= Govindadas (Maithili language poet) =

Bengali Vaishnava Poet and Composer

Govindadas was a Maithili poet of the late 17th century, one of the greatest Maithili poets after Vidyapati. He was one of such Maithili poet claimed to be a Bengali poet. The age of Govindadas is uncertain and so is his identity. He belonged to a family of Karna Kayasthas and was a contemporary of King Sundar Thakur (ca. 1663–1770). He was a Vaishnava and said to have written a long poem called Krishnalila which may be the series of Radha Krishna padas composed by him. He excelled in ornamentation and sophistication and had greater interest in the use of alankarashastra. His brothers Gangadas, Ramdas and Haridas were also writers.

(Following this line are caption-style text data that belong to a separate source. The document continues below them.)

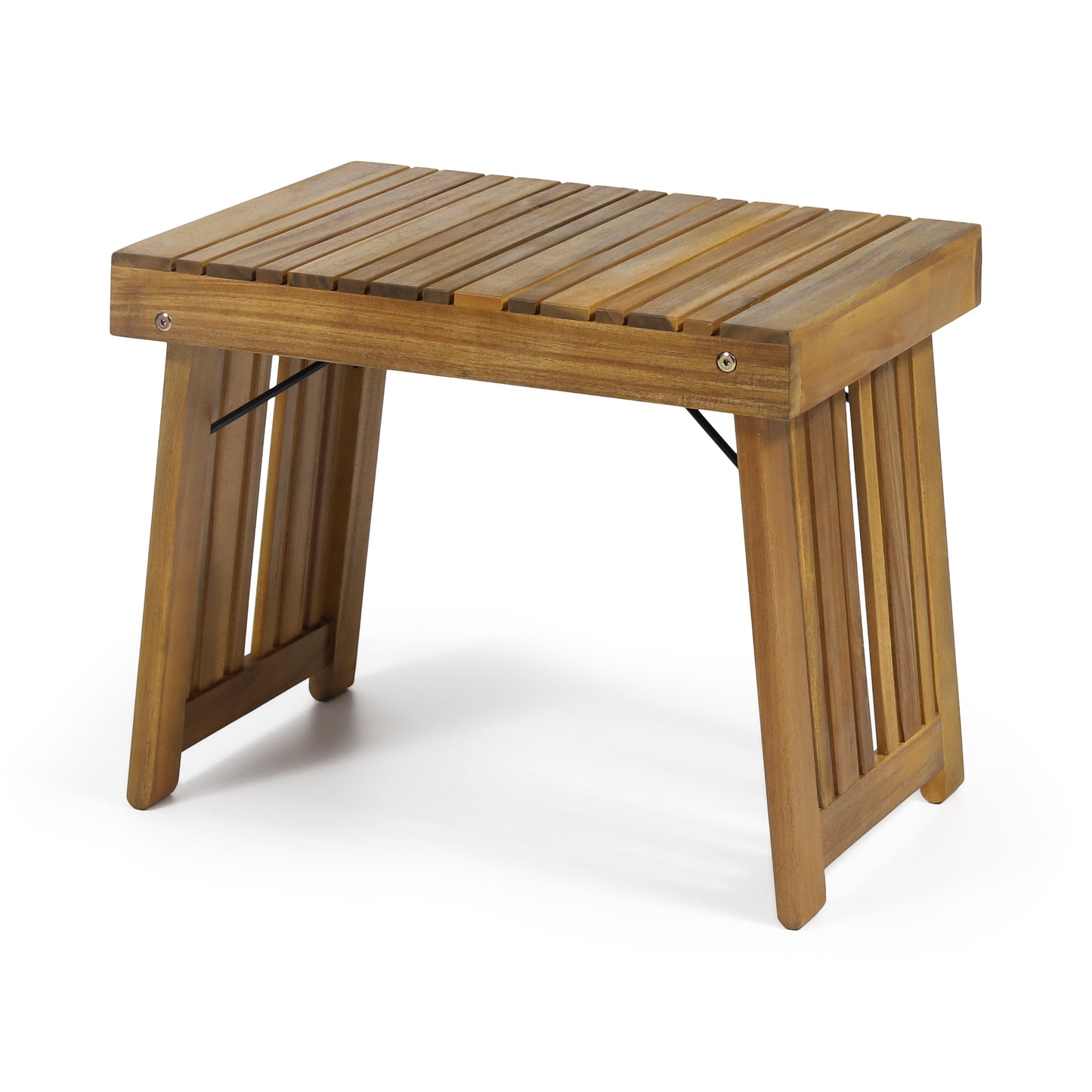 Temptation Outdoor Foldable Side Table with Slat Design, Teak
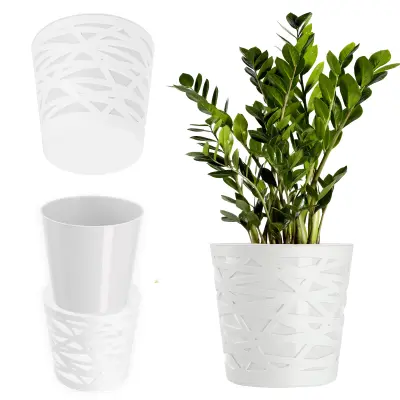 Vložek za cvetlični lonec iz plastike za rože in rastline 17 cm bel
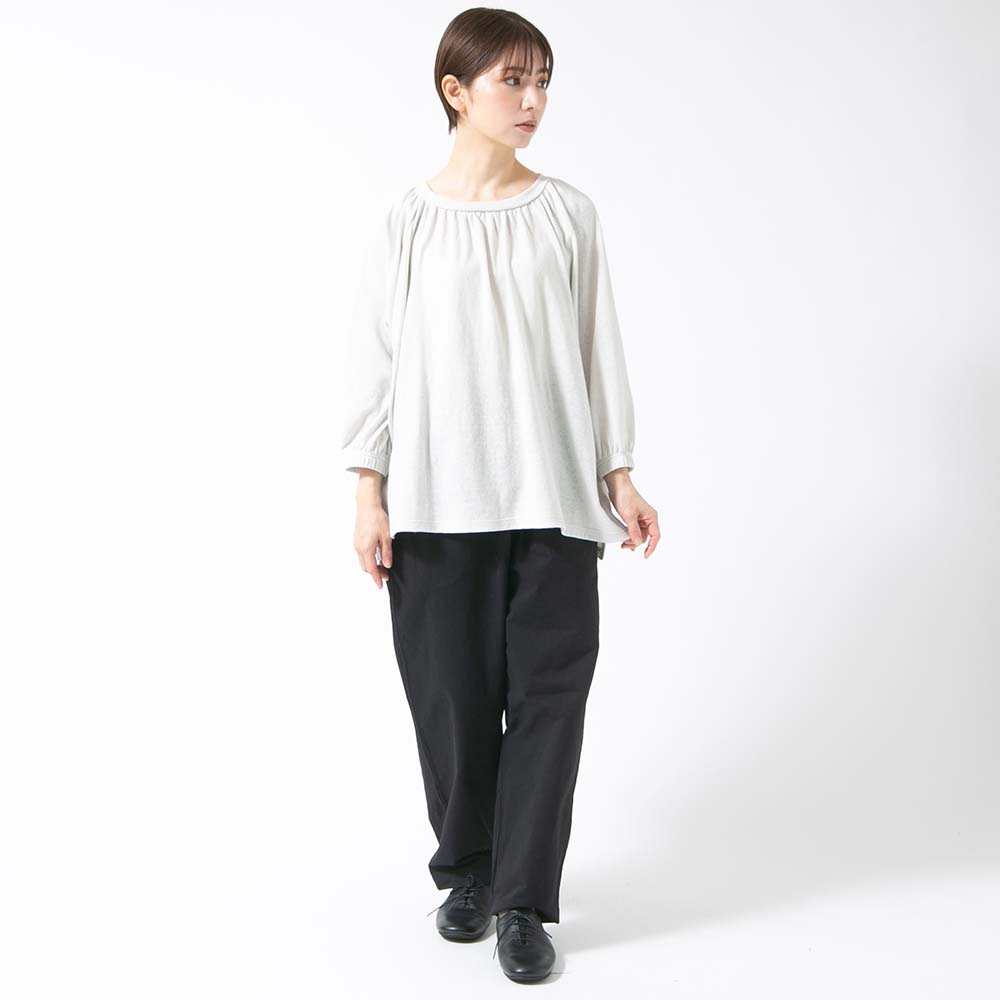 コットンガーゼ天竺ラグランスリーブプルオーバー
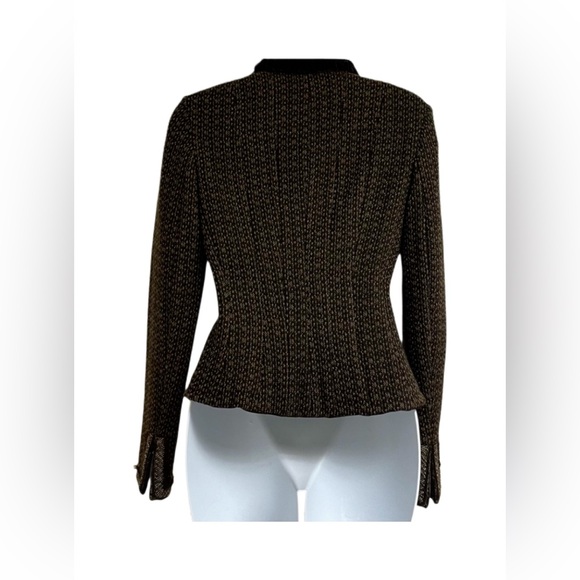 Elie Tahari Fitted Tweed Blazer with Velvet Collar - Picture 12 of 12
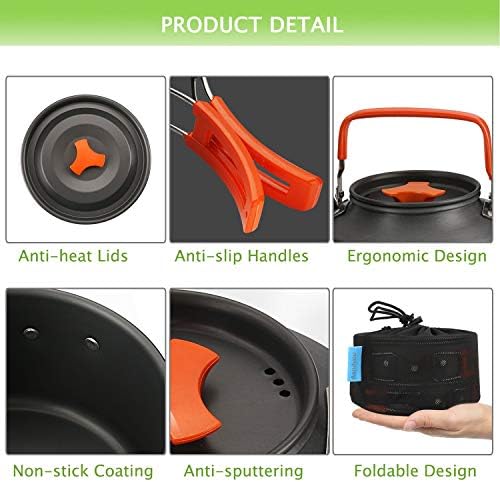 Camping Cookware Kit, Camping Cookware Set Outdoor Cooking Pot Pan Kettle Lightweight Camping Accessories Backpacking Hiking Gear for 2 to 3 People Picnic,Travel - Image 6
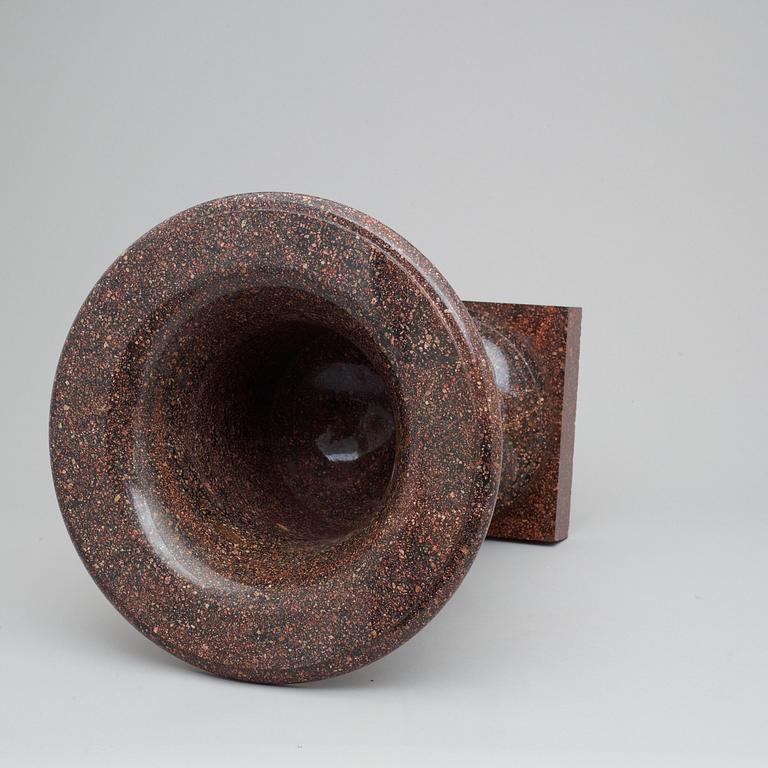 A Swedish Empire 19th century porphyry urn.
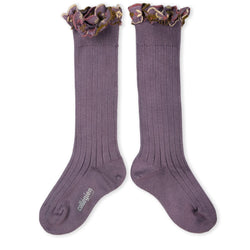 2967 Eglantine - Embroidered Ruffle Ribbed Knee-high - 406 Glycine du Japon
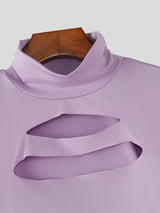 Men's Streetwear Slim Fit Chest Cut Out Mock Neck Cropped T-shirt SKUL51882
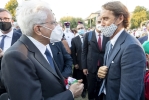 Il Presidente della Repubblica Sergio Mattarellas saluta Roberto Mancini, in occasione della cerimonia d’apertura dell’anno scolastico
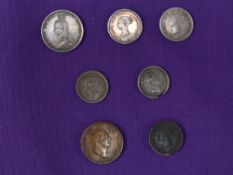 A small collection of Silver & Copper GB Coins, 1887 Threepence, 1838 2p x2, 1843 1 1/2p, 1835 1/1/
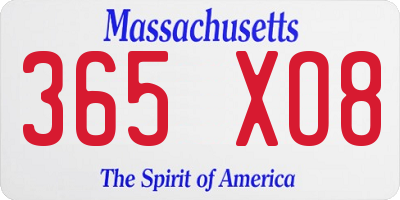 MA license plate 365XO8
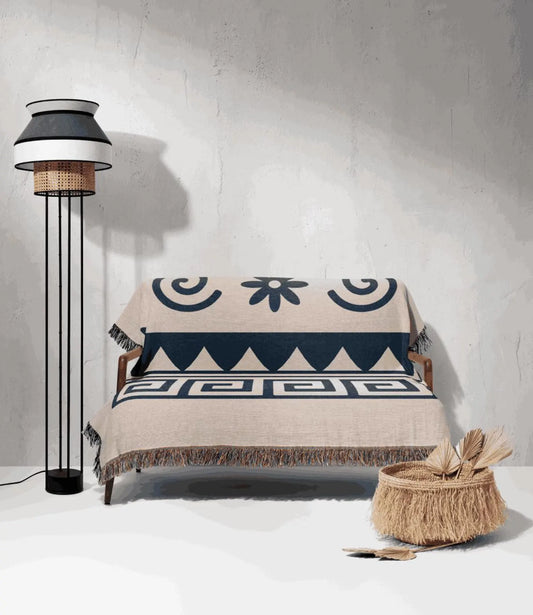 Cream & Deep Navy Boho Floral and Geometric Woven Throw Blanket - Illyrian Weave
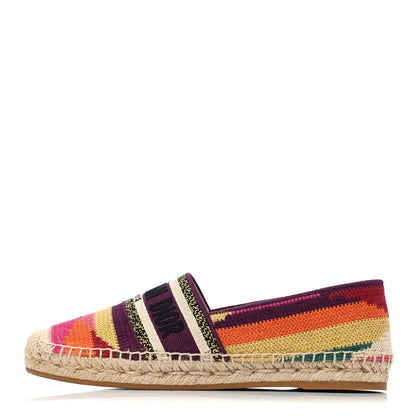 Christian Dior Cotton Embroidered Patchwork Granville Espadrille 38.5 Multicolor 1 of 4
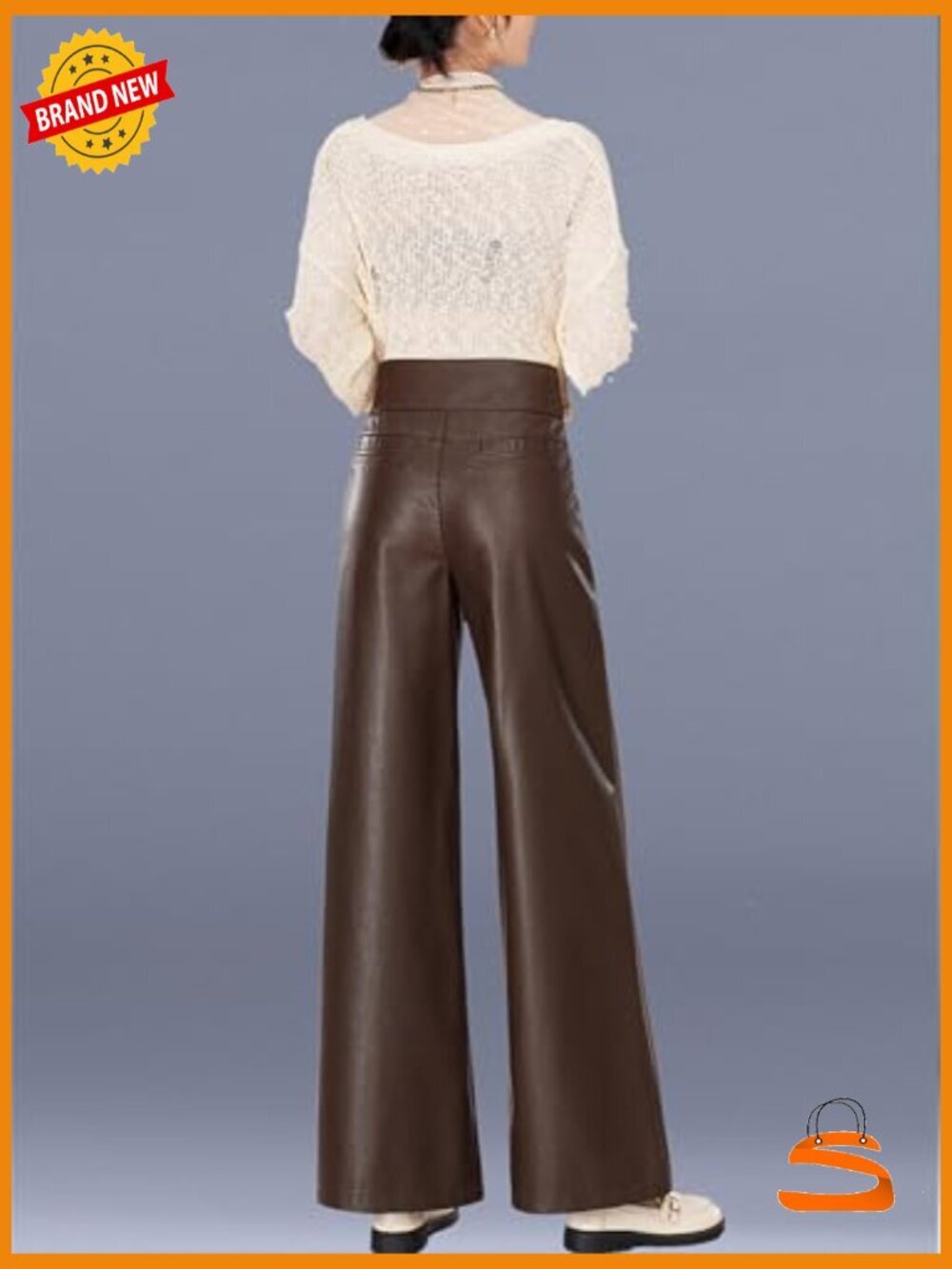 High Waist Wide Leg Faux Leather Palazzo Pants With Pockets - Picture 4 of 5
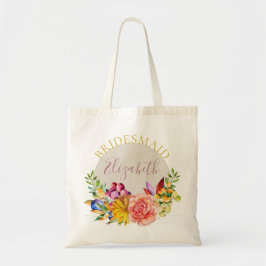 Bolso De Tela Dama de honor con ramo floral con nombre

He was a devotee of Krishna, and his command over the language was unique. His great achievement was metrical perfection added to musical resonance and rhythmic movement. His expressions in superb languages are lucid. His poems on the Radhakrishna legend have a unity of description and treatment in the delineation of Krishna's sorts and the Viraha of the Gopis. In his poems he deals with Mana, Viraha, Vasantalila, Rasalila, Radhavarna, Abhisara. His lyrical songs bear the impressions of vast learning and most of them are in a language known as Brajbuli.